▶ [PROVIDED DATA]:
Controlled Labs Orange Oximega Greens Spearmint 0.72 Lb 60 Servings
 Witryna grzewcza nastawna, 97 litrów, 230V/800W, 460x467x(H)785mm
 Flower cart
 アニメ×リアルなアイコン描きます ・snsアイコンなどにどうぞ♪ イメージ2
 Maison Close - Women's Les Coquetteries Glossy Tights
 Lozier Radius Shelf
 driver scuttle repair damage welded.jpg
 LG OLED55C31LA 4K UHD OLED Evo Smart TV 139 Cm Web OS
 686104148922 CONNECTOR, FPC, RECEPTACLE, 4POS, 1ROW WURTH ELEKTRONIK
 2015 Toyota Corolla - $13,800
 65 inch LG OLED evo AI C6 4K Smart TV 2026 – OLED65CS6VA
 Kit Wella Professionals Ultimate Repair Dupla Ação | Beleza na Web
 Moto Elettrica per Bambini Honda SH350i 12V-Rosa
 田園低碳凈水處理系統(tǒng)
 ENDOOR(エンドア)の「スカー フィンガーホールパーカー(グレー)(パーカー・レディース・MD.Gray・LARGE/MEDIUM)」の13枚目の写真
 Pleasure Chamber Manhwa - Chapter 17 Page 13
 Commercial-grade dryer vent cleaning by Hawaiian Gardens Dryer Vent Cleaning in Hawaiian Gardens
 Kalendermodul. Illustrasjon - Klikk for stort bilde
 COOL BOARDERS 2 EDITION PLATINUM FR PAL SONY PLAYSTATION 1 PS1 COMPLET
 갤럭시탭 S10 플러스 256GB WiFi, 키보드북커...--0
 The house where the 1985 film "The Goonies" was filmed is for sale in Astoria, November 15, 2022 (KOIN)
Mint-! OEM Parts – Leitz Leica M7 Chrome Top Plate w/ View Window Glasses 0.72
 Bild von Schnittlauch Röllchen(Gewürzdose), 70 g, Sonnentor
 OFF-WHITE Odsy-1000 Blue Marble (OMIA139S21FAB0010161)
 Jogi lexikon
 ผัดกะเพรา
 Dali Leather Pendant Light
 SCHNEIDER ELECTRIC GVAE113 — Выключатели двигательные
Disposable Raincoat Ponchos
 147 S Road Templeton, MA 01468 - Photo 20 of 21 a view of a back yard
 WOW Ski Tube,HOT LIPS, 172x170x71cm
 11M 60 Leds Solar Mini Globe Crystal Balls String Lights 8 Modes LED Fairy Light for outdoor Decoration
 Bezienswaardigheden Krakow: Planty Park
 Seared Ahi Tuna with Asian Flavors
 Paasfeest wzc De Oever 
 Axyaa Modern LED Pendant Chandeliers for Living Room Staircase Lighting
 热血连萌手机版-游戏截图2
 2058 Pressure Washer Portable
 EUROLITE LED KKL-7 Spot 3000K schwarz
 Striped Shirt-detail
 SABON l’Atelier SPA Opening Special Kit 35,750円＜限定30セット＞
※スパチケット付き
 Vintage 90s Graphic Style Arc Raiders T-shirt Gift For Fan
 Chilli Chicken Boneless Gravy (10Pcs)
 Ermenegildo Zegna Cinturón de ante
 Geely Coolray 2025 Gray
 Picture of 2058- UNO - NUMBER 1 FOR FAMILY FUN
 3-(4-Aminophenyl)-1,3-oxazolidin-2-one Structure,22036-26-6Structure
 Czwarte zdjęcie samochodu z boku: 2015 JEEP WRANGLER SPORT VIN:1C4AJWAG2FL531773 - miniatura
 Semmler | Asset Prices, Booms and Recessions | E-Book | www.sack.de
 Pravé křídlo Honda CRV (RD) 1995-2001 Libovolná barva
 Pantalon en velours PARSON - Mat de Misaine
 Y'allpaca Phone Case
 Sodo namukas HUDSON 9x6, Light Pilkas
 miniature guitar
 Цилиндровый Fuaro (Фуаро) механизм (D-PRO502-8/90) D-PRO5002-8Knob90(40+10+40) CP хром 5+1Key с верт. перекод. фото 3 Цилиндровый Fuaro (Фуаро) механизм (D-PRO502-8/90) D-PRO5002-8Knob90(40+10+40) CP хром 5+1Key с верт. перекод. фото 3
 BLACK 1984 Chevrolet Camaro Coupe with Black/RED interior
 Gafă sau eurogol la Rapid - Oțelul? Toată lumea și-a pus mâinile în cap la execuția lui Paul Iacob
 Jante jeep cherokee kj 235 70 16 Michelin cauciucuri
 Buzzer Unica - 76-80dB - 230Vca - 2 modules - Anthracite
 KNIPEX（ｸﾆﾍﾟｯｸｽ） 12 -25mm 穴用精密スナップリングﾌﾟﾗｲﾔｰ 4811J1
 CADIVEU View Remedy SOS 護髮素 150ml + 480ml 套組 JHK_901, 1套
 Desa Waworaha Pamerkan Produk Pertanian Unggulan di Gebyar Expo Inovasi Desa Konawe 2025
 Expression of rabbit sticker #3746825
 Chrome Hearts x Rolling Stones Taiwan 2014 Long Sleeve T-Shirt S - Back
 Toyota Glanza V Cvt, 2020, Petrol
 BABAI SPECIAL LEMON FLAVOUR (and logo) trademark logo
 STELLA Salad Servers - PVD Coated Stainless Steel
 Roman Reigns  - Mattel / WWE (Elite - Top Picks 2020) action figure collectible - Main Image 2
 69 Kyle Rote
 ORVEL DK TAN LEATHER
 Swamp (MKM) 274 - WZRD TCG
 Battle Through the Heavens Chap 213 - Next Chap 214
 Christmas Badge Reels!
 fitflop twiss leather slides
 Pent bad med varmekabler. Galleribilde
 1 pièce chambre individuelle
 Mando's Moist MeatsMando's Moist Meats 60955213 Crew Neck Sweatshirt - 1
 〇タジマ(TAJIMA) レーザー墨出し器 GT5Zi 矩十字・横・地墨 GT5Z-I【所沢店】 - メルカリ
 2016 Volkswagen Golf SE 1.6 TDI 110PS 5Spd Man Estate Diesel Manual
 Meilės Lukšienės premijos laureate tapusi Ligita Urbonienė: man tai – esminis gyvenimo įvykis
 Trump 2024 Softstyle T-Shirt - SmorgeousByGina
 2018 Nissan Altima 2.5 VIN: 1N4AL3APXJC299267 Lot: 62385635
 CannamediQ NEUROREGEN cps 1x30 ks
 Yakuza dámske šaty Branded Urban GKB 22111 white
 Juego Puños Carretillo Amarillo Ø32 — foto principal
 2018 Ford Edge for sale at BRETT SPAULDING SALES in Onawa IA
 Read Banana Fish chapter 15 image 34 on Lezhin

▶ [WORK REQUIRED]: When you reach the line in the material above that holds "driver scuttle repair damage welded.jpg", begin reproducing lines exactly, and stop after the line that holds "65 inch LG OLED".

▶ [EXPECTED ANSWER]:
 driver scuttle repair damage welded.jpg
 LG OLED55C31LA 4K UHD OLED Evo Smart TV 139 Cm Web OS
 686104148922 CONNECTOR, FPC, RECEPTACLE, 4POS, 1ROW WURTH ELEKTRONIK
 2015 Toyota Corolla - $13,800
 65 inch LG OLED evo AI C6 4K Smart TV 2026 – OLED65CS6VA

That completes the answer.